Desert Isle Keeper Review

Death in the Floating City

Tasha Alexander
October 2012, Historical Mystery (Renaissance/Victorian Venice)
Minotaur Books, $24.99, 320 pages, Amazon ASIN 0312661762
Part of a series

Grade: A-
Sensuality: N/A

I’ve been a fan of Tasha Alexander’s Lady Emily series since Emily’s first appearance in And Only to Deceive. Emily has gone through a lot of changes and solved many mysteries since then. The latest entry finds Lady Emily and her husband Colin in Venice to investigate a recent murder. However, classical scholar Emily is soon completely caught up in a Renaissance-era mystery. The author brings both the Victorian-era Venice of Lady Emily and the Renaissance Venice to life. Death in the Floating City is the seventh in the Lady Emily series and one of my favorites.

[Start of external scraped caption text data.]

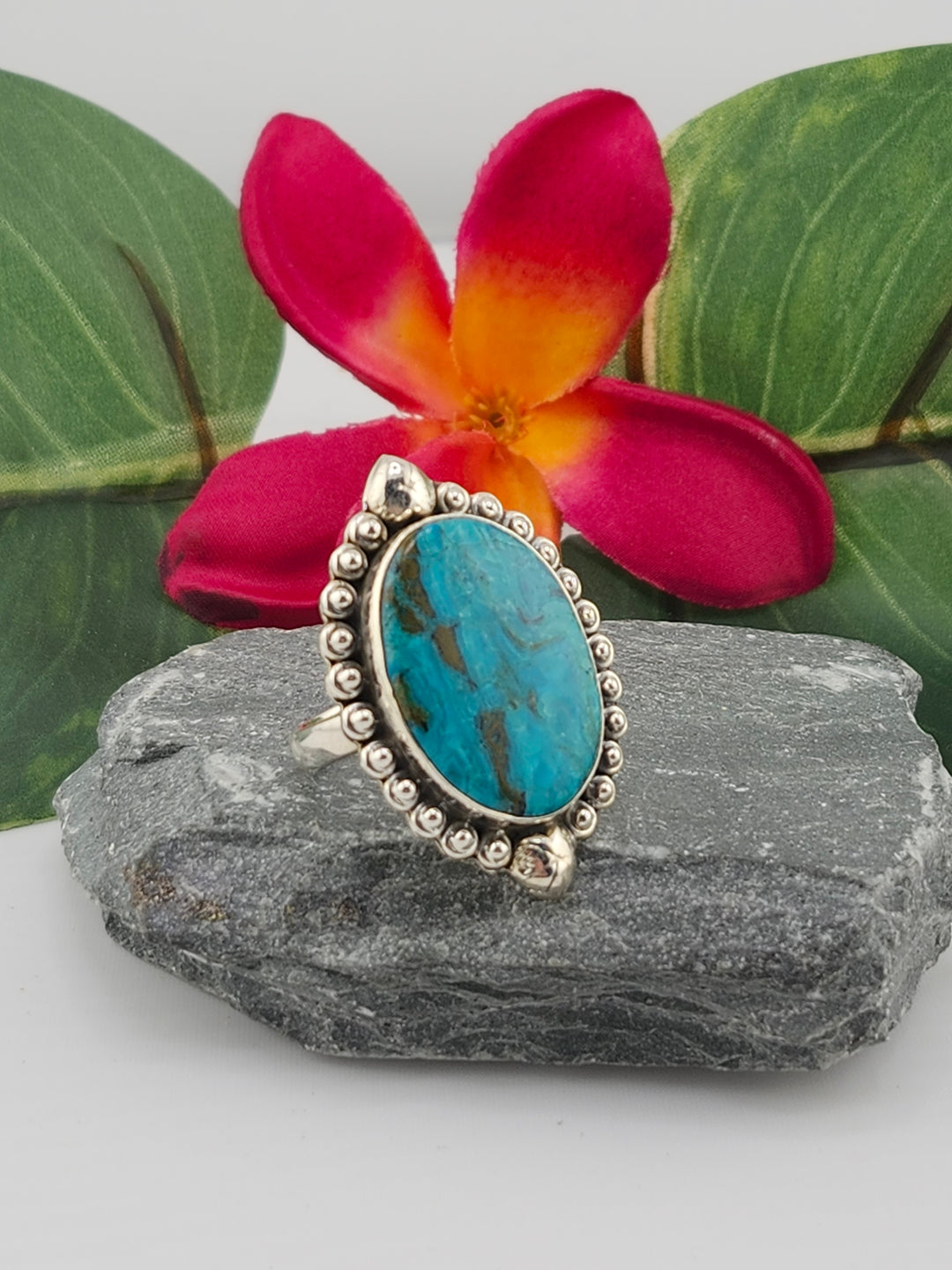 Opalized Wood Ring Size 10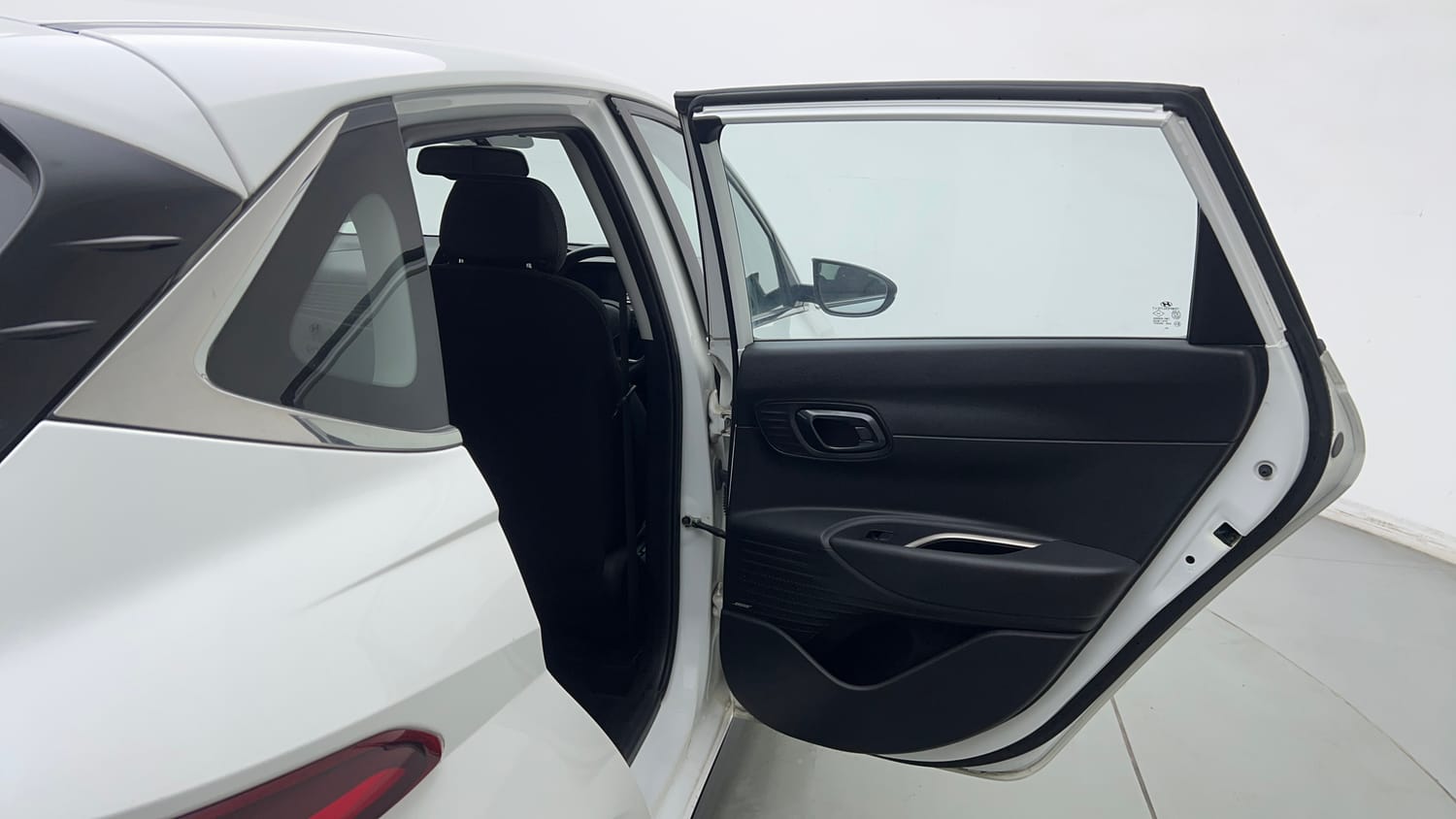 Used 2022 Hyundai i20 Asta (O) 1.2 IVT Petrol Automatic interior RIGHT REAR DOOR OPEN VIEW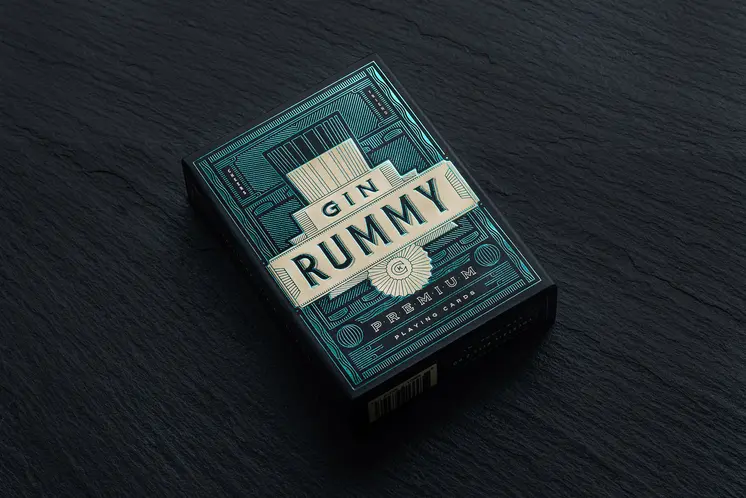 Gin Rummy playing cards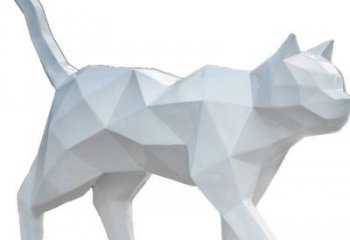 小區貓咪雕塑，拉絲海洋雕塑，抽象效果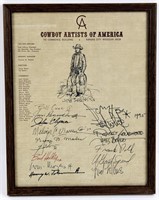 Unique Signed Cowboy Artists of America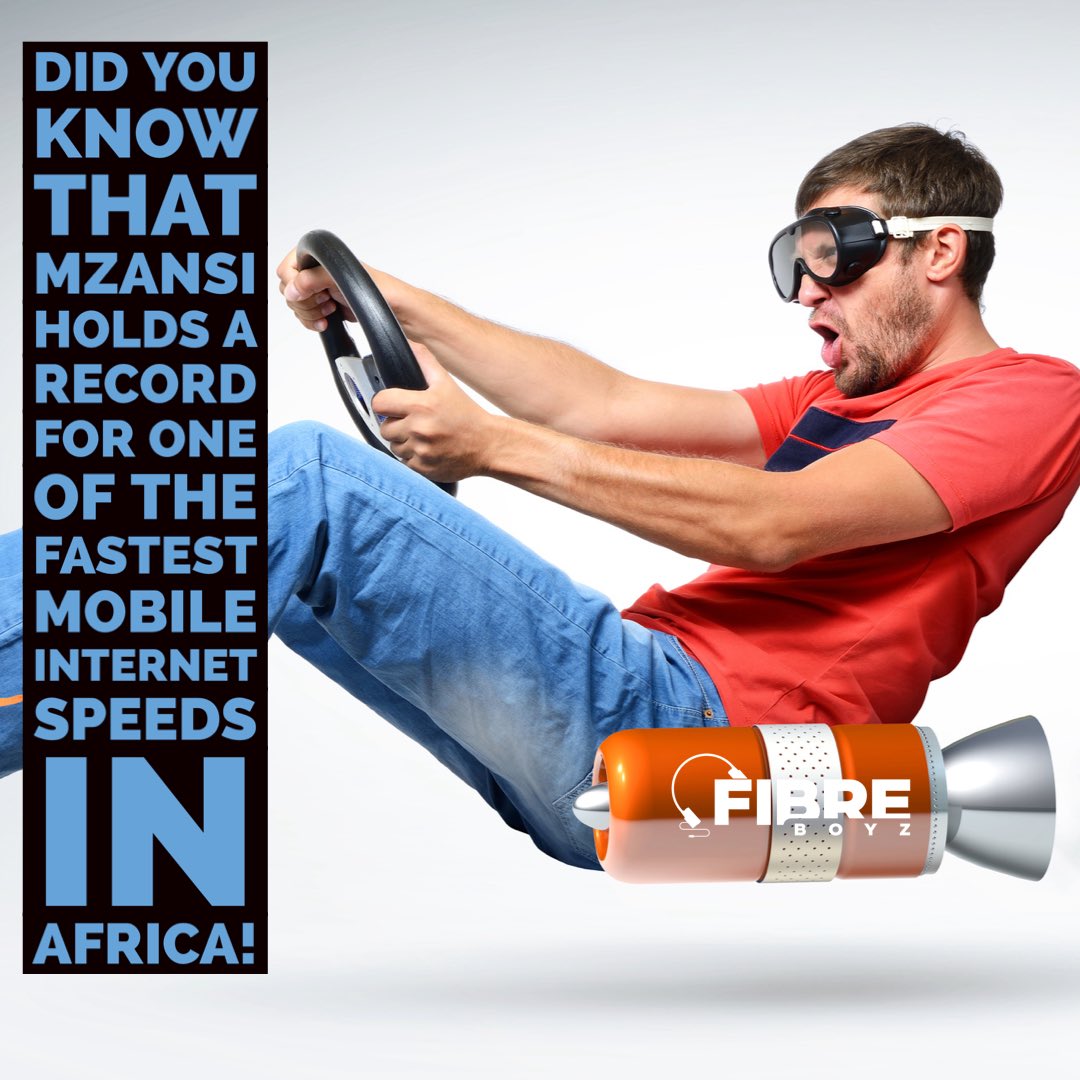 Hey South Africa! 🌍✨ Here’s another fun #fibreboyzfact: Our nation holds a record for one of the fastest mobile internet speeds in Africa! 🚀📱 #SpeedsterSA 🏎️💨

🏷️ #FastInternet #TechSavvySA #DigitalSpeed #SouthAfricaTech
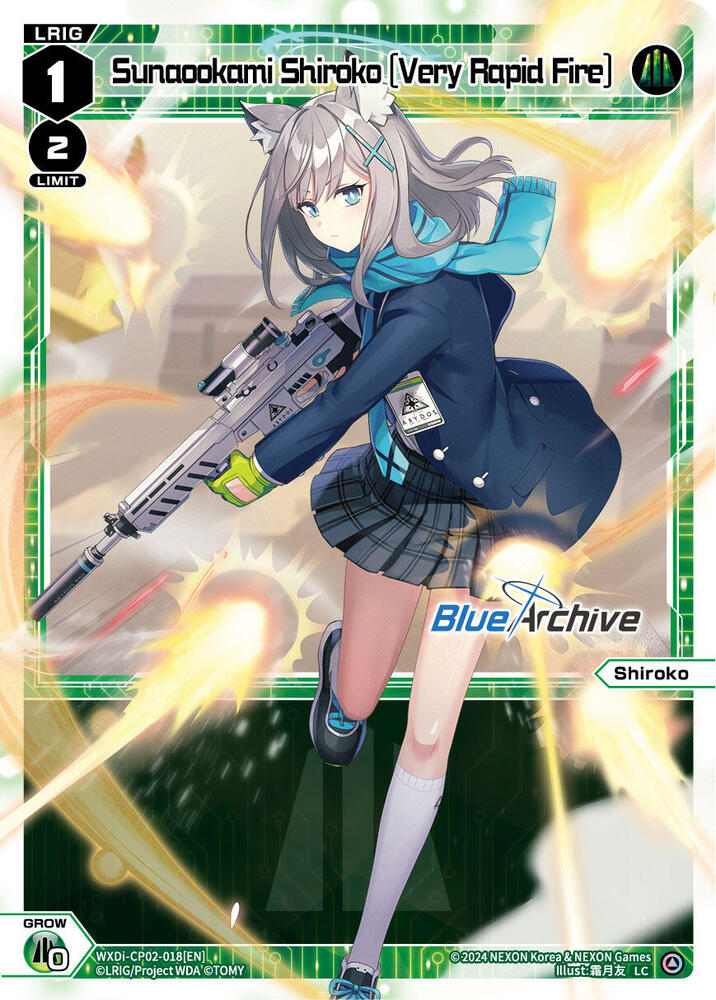 Sunaookami Shiroko [Very Rapid Fire], Blue Archive DIVA WXDi-CP02-018[EN]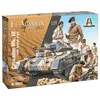 Image de Italeri -6592 Crusader MK.II with British Crew El Alamein 1942-2022, Échelle 1:35, Model Kit, Modèle en plastique à monter, Modélisme, Multicolore, IT6592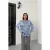 Abstract Geprinte Lange Mouwen Shirt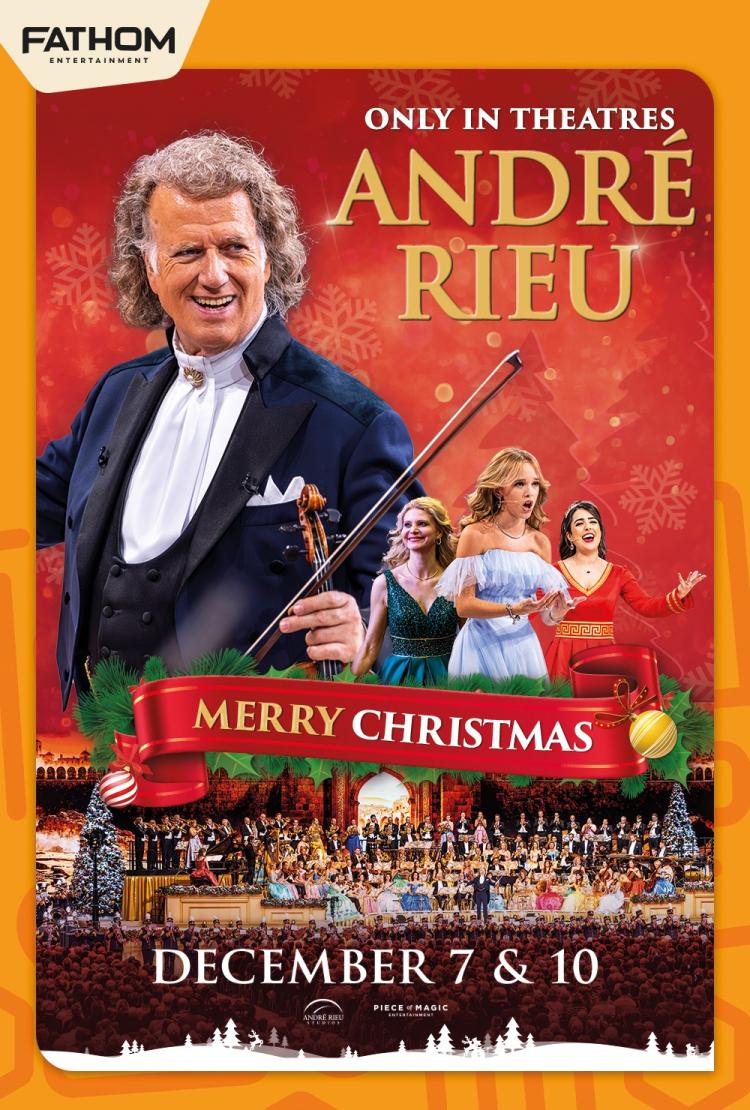 Poster of André Rieu's 2025 Christmas Concert: Merry Christmas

Lady Emily and Colin are in Venice to solve a murder for Emily’s long-time enemy Emma Barozzi. Lady Emily and Emma have despised each other since they were six years old and Emma destroyed one of Emily’s precious dolls and lied and said that Emily had done so. As the two grew older Emma continued to torment Emily, and even make plays for men who were interested in Emily. The only reason the active animosity ended was that Emma eloped with an Italian count and moved to Venice. Despite their differences, when Emma’s father-in-law is murdered and her husband disappears immediately after, Emma contacts Emily and Colin for assistance and the two travel to Venice. While this may sound odd, Colin is an agent of the Crown with a reputation of being able to solve any investigation.

Lady Emily and Colin quickly discover that Emma’s father-in-law, the senior Barozzi, was clutching a ring in his hand when found, inscribed with the words “Love conquers all.” As Colin investigates such mundane details as the finances of the Barozzi family, Emily becomes caught up in the story of the ring.

Each chapter begins with a portion of a parallel story set in Renaissance Venice in 1489 featuring Besina Barozzi and Nicolo Vendelin, whose families were involved in a longtime feud, but fell in love at first sight at a party. I have problems with love-at-first-sight stories, but in the Renaissance setting, this completely worked.

In addition to two intriguing mysteries, the author excels in bringing settings to life. As Emily travels through canals, dark alleys, and sparkling homes, Venice becomes real, almost a character in the book. I could see what Emily was seeing, feel what she was feeling.

I adore both Emily and Colin. Emily is a strong, intelligent woman, who uses her brains and research skills to solve a centuries-old mystery. And Colin? Gorgeous, intelligent, and completely in love with Emily. While this is a mystery, over the course of the series so far Emily and Colin meet, fall in love, and eventually marry. Two years after their marriage, they’re still much in love. In the opening pages, Emily thinks of Colin, “We’d been married just over two years, and Colin Hargreaves still took my breath away every time I looked at his preternaturally handsome face.” For good parts of this book Emily and Colin are apart as they each pursue their separate investigations. But there’s never any doubt that they’re completely in love.

I don’t reread a lot of mysteries, but I will probably reread at least parts of this again. The Victorian-era mystery was rather complicated, and I would like to see if early passages foreshadow any of what happened. And the ending? Just lovely.

I haven’t disliked any of the books in the series, but this definitely stands as one of my favorites along with the first (And Only to Deceive) and the third (A Fatal Waltz). While I love this book, I would strongly suggest that new readers start back at the beginning to see the growth of Emily, and her relationship with Colin, over time. As for me, I can hardly wait for the next Lady Emily mystery to come out next fall.